=== Input data ===

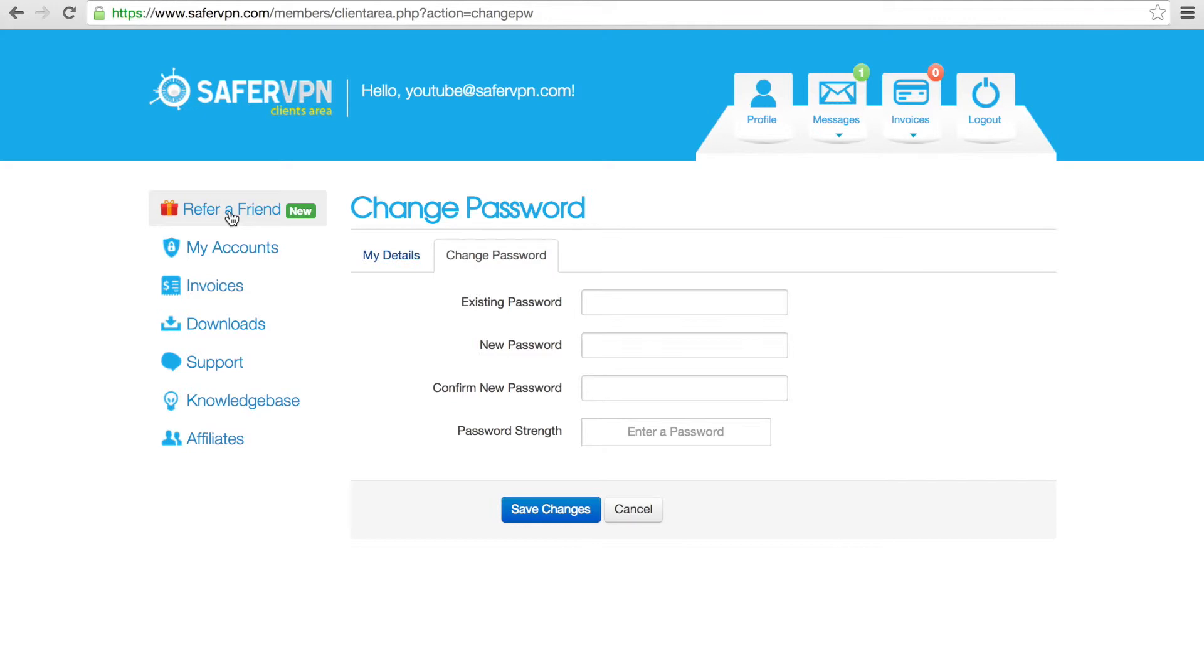On the left, you have a few different menus. Refer a Friend takes you to our Friends referral program. Recommend your friends to use SaferVPN by email, Twitter, or Facebook, and you'll both get a free month if your friends sign up. The Account tab simply takes you back to the dashboard.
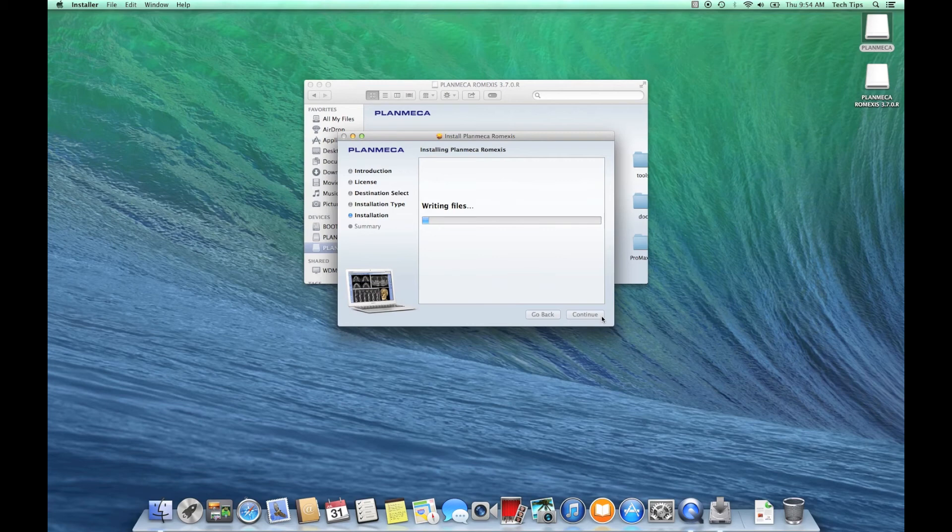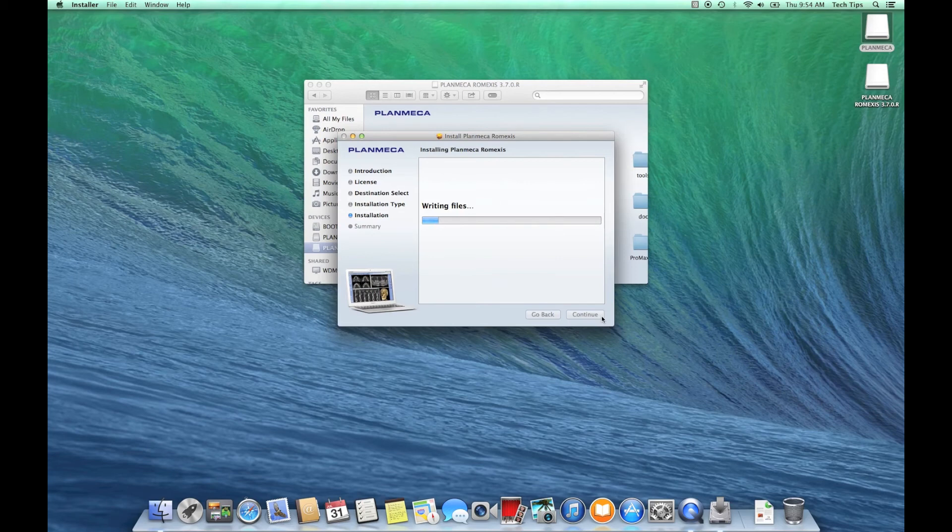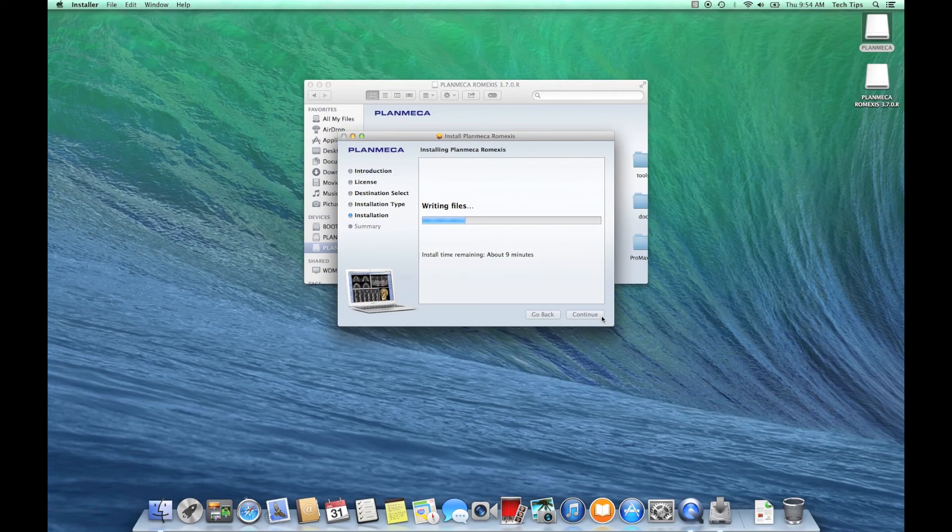Remember I am doing it from a thumb drive, so that's going to bring a little bit of extra speed to the process. Since I've selected all of the components, I'm bringing all Romexis's functionality to this computer.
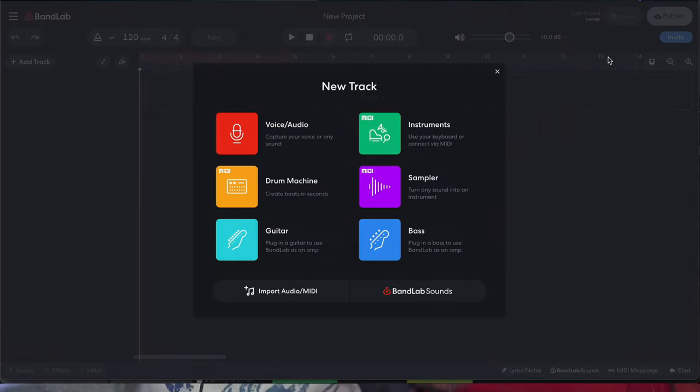What's up fam? I've gotten some questions about how I'm time-stretching these sample loops inside of BandLab, so I'll walk you through that process today.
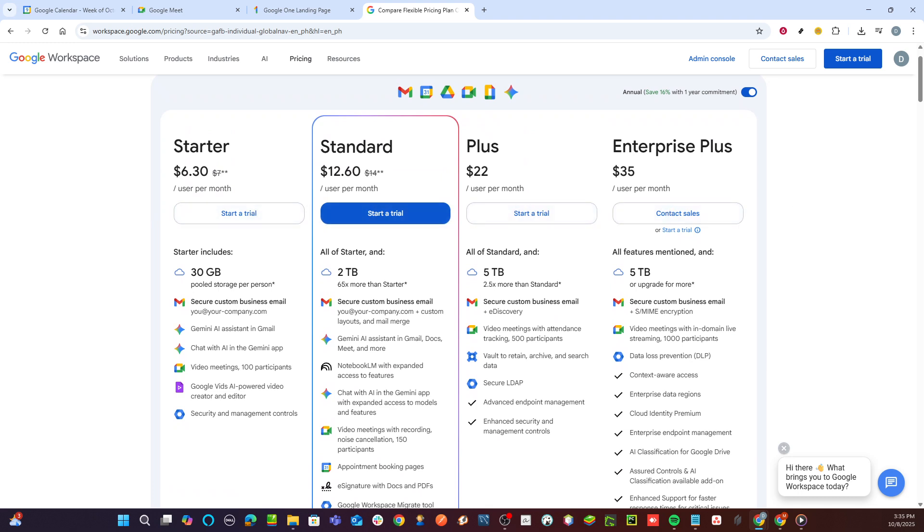And there you have it. You successfully navigated the steps to purchase Google Meet Premium. Enjoy your upgraded video conferencing experience, complete with the additional benefits and tools that come with a premium subscription. Should you have any questions or run into any issues during the process, don't hesitate to seek support from Google's Help Center or Community Forums. Thank you for watching, and I hope this guide has been helpful in getting you set up with Google Meet Premium.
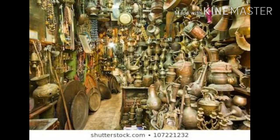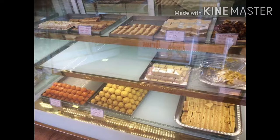Bazaar बहुत बड़ा हैं, बहुत सुन्दर भी हैं, और बड़ा विशाल भी हैं। स्त्री, पुरुष, बच्चे, बूढ़े — सब लोग Bazaar से आवश्यक वस्तुएं खरीदते हैं।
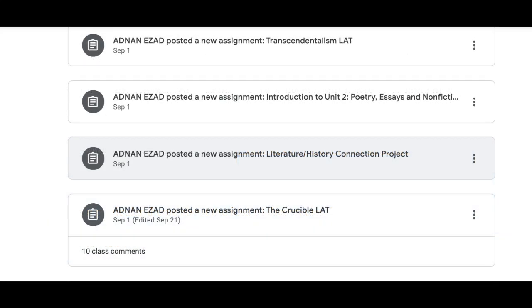Remember that the Literature History Connection Project will be introduced this week as well, so you may want to discuss the implications or significance of the development of the theme as it pertains to the time period during which this play was written. That may require some research on your part, but it will prime you for the next project.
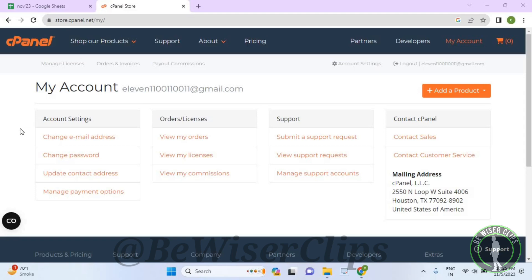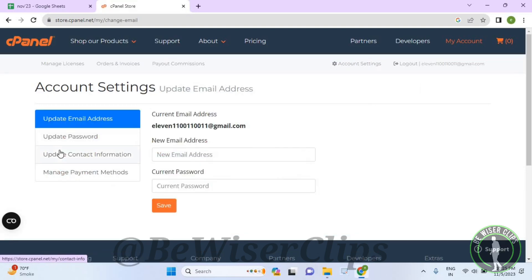So for that guys, first of all, you will need to login to your account on your desktop and then select account settings. Now select update contact information.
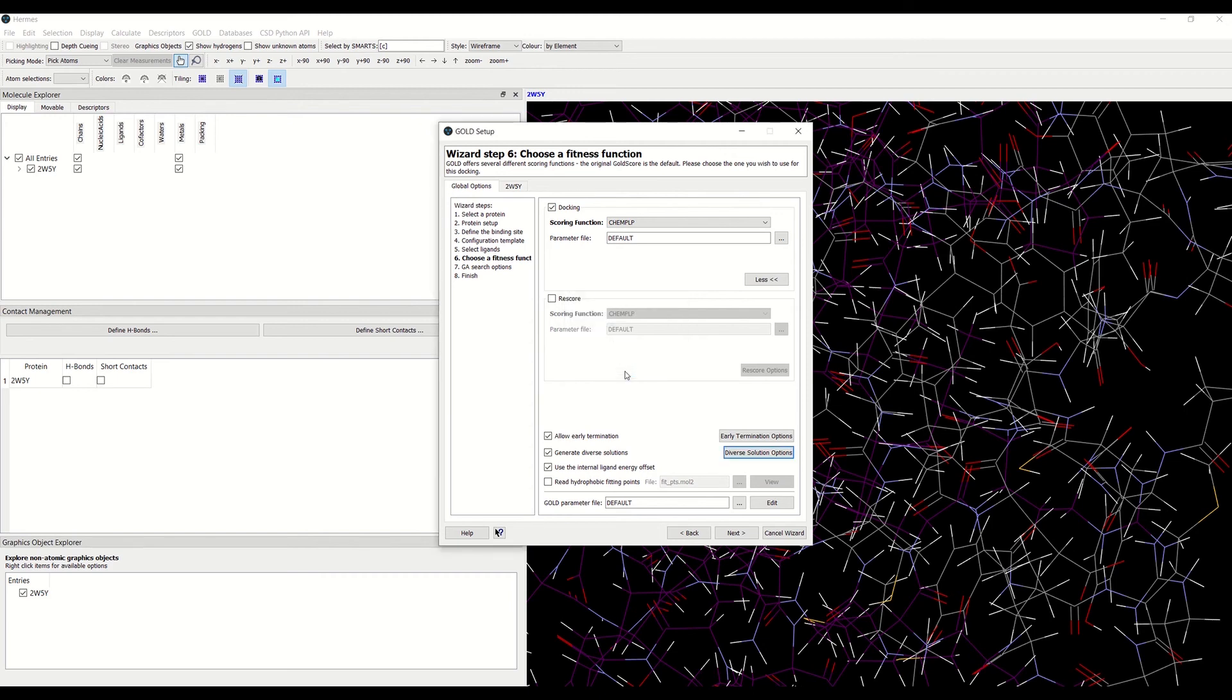It is recommended that the allow early termination option tick box is disabled when generating diverse solutions.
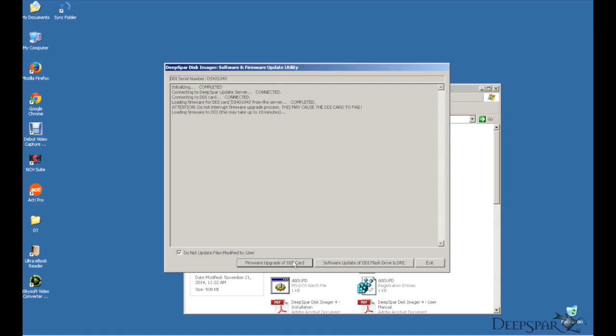At this point, your computer will connect to our server and download all necessary files for an update. Please know that this process must not be interrupted.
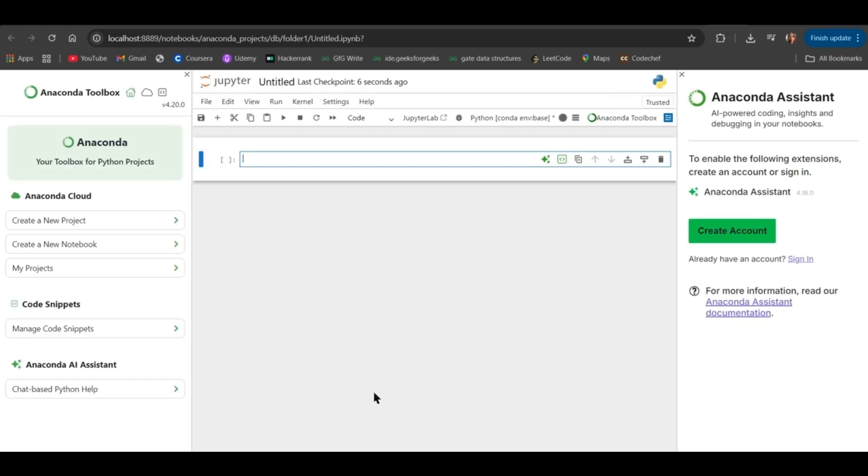And then a new Python IPYNB file is created. Here you can check whether the installation is correct or not by printing a simple message. Print Hello World.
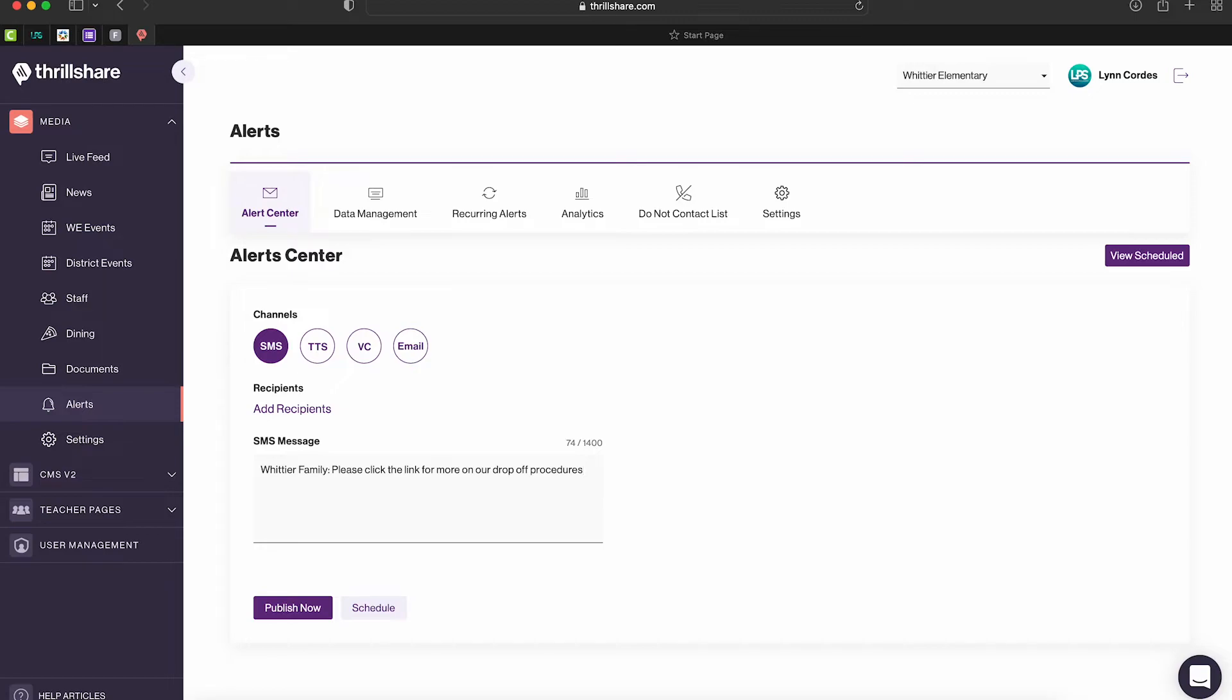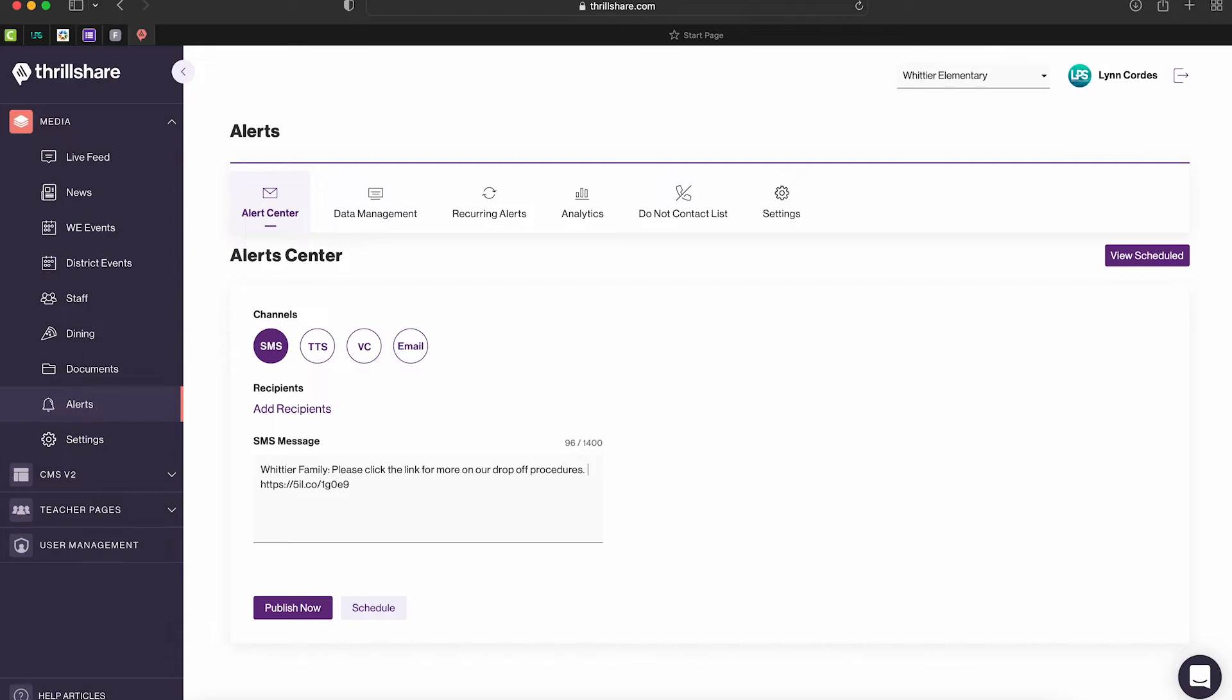Now you have to be careful when adding a link that your message is not too long, because some cellular companies will truncate that message and create an error, and that is why we will test it. So here I just put Whittier family please click the link for more on our drop-off procedures and put thank you, and then I have the link last and that's just to help.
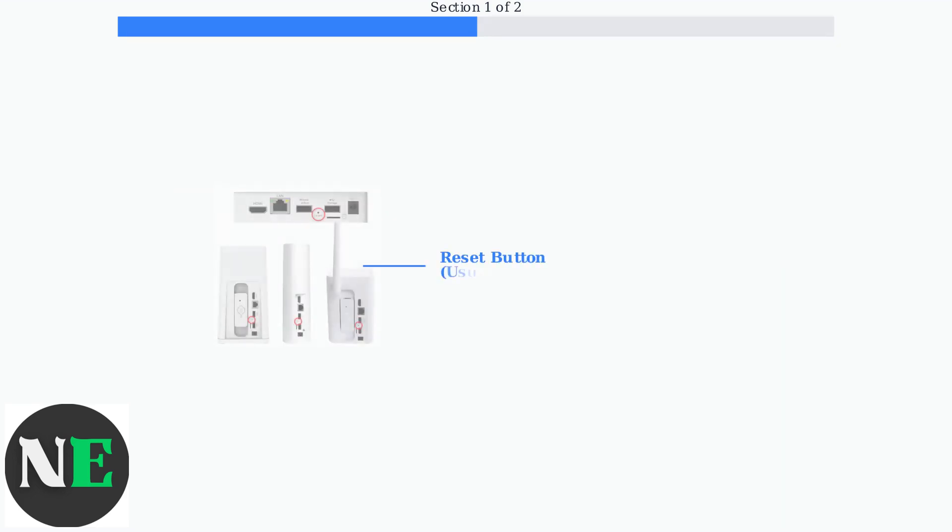The SWAN DVR 4575 has a physical reset button, typically located on the back panel. Let's look at the actual device to identify where this reset button is positioned.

===

• _Exercise directions_
Print the data above exactly; drop every picture.

• _Worked solution_
On the left, you have a few different menus. Refer a Friend takes you to our Friends referral program. Recommend your friends to use SaferVPN by email, Twitter, or Facebook, and you'll both get a free month if your friends sign up. The Account tab simply takes you back to the dashboard.
Remember I am doing it from a thumb drive, so that's going to bring a little bit of extra speed to the process. Since I've selected all of the components, I'm bringing all Romexis's functionality to this computer.
What's up fam? I've gotten some questions about how I'm time-stretching these sample loops inside of BandLab, so I'll walk you through that process today.
And there you have it. You successfully navigated the steps to purchase Google Meet Premium. Enjoy your upgraded video conferencing experience, complete with the additional benefits and tools that come with a premium subscription. Should you have any questions or run into any issues during the process, don't hesitate to seek support from Google's Help Center or Community Forums. Thank you for watching, and I hope this guide has been helpful in getting you set up with Google Meet Premium.
Bazaar बहुत बड़ा हैं, बहुत सुन्दर भी हैं, और बड़ा विशाल भी हैं। स्त्री, पुरुष, बच्चे, बूढ़े — सब लोग Bazaar से आवश्यक वस्तुएं खरीदते हैं।
Remember that the Literature History Connection Project will be introduced this week as well, so you may want to discuss the implications or significance of the development of the theme as it pertains to the time period during which this play was written. That may require some research on your part, but it will prime you for the next project.
So for that guys, first of all, you will need to login to your account on your desktop and then select account settings. Now select update contact information.
It is recommended that the allow early termination option tick box is disabled when generating diverse solutions.
At this point, your computer will connect to our server and download all necessary files for an update. Please know that this process must not be interrupted.
And then a new Python IPYNB file is created. Here you can check whether the installation is correct or not by printing a simple message. Print Hello World.
Now you have to be careful when adding a link that your message is not too long, because some cellular companies will truncate that message and create an error, and that is why we will test it. So here I just put Whittier family please click the link for more on our drop-off procedures and put thank you, and then I have the link last and that's just to help.
The SWAN DVR 4575 has a physical reset button, typically located on the back panel. Let's look at the actual device to identify where this reset button is positioned.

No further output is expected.